The New Hampshire Supreme Court is considering whether it should force the 11-year-old daughter of a divorced couple to attend public school.
Brenda Voydatch and her ex-husband, Martin Kurowski, have been unable to agree on how to educate their daughter Amanda. The girl has been home schooled by her Christian mother from first through fourth grade.
Kurowski said his ex-wife's strict religious teachings were socially isolating their daughter.
In August of 2009, a trial court sided with the father and ruled that the girl must attend public school.The court said it's important for her to be exposed to group learning and a variety of viewpoints.
However, the Alliance Defense Fund, a Christian legal group representing Voydatch, told CBN News that requiring Amanda to attend public school is a violation of parental rights.
"The (lower) court went beyond the disagreement between the parents and offered the opinion that the child was being raised with rigid religious views and had not had the opportunity to be exposed to other points of view to challenge these views," ADF attorney Joseph Infranco said.
Attorneys representing the father argued on Thursday that parents have no constitutional right to home school their children.
"Religion is a big issue for Ms.
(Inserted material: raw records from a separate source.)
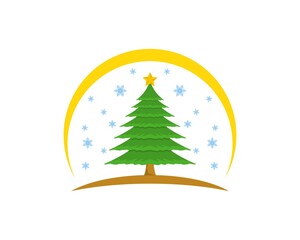 Christmas pine tree with yellow swoosh
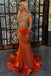 Sparkly Orange One-Shoulder Mermaid Long Prom Dress Ideas, Evening Party Dresses,WGP1808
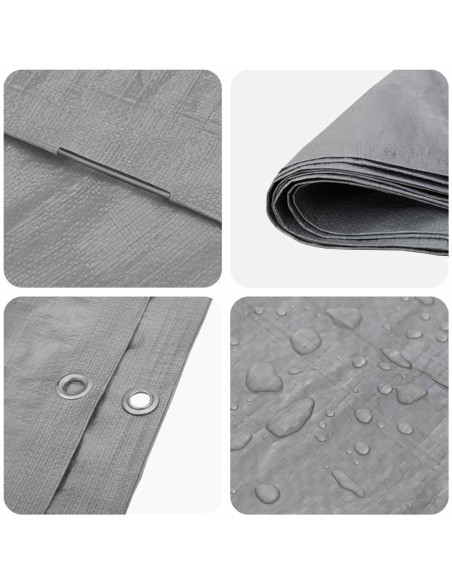 Telo con Occhielli Grigio Chiaro 8 x 12 m 90 gsm PE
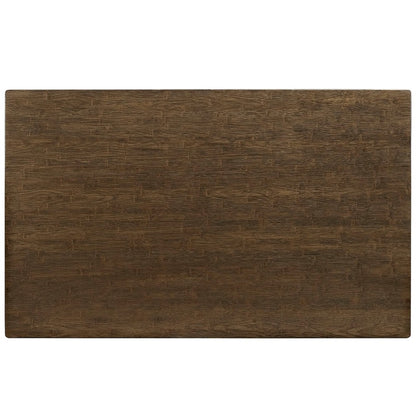 Alacrity 59" Rectangle Wood Dining Table, Brown, Metal 10088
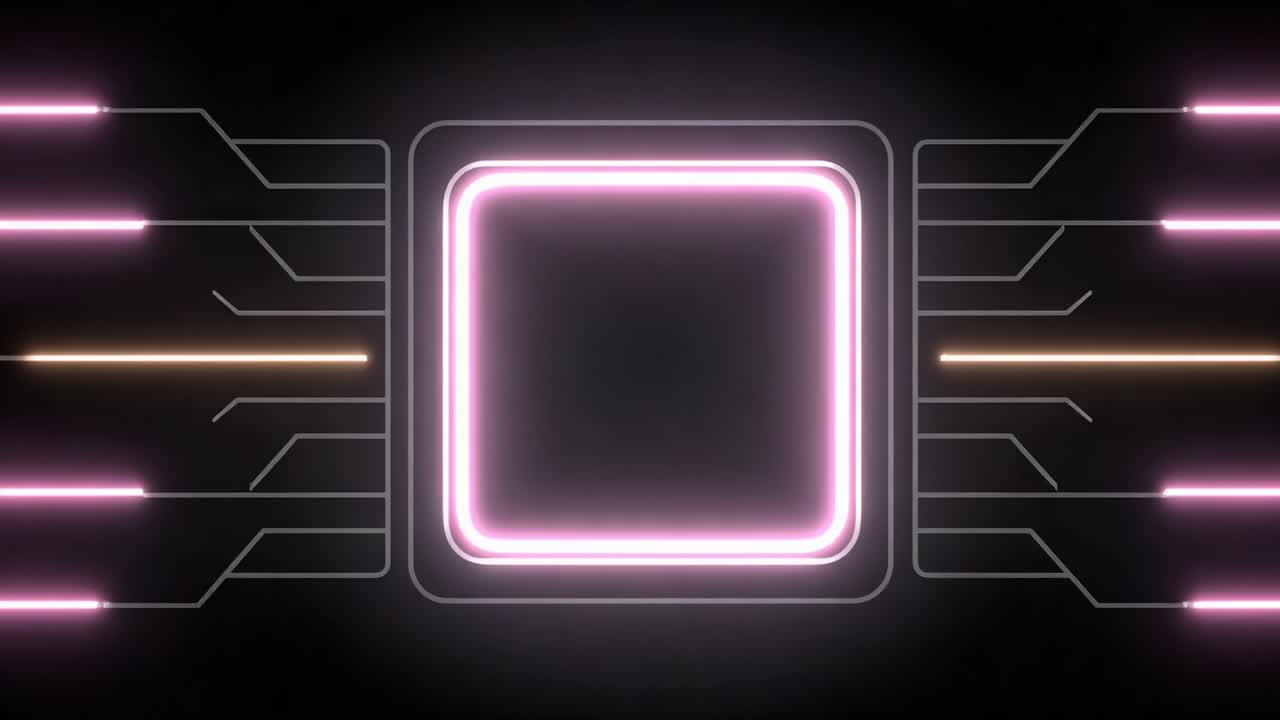 Futuristic Neon Frame with Circuit Patterns: A Glowing Interface Designed for Digital Environments, Showcasing Technology and Innovation with a Striking Visual Appeal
Voydatch, but it's a small issue for the court," Kurowski's attorney, Joshua Gordon, said. "This is not a constitutional case."
Meanwhile, religious freedom groups have shown their support for Amanda's mother and are closely following the case.
"If the trial court's unqualified opinion were allowed to stand, this case could become a model for other courts around the state to follow," argued an amicus brief submitted on behalf of Voydatch by the Home School Legal Defense Association in Purcellville, Va., and several other groups.
"This result would harm home-schoolers across the state and potentially across the nation," the brief read.
The court isn't expected to rule on the case for several months.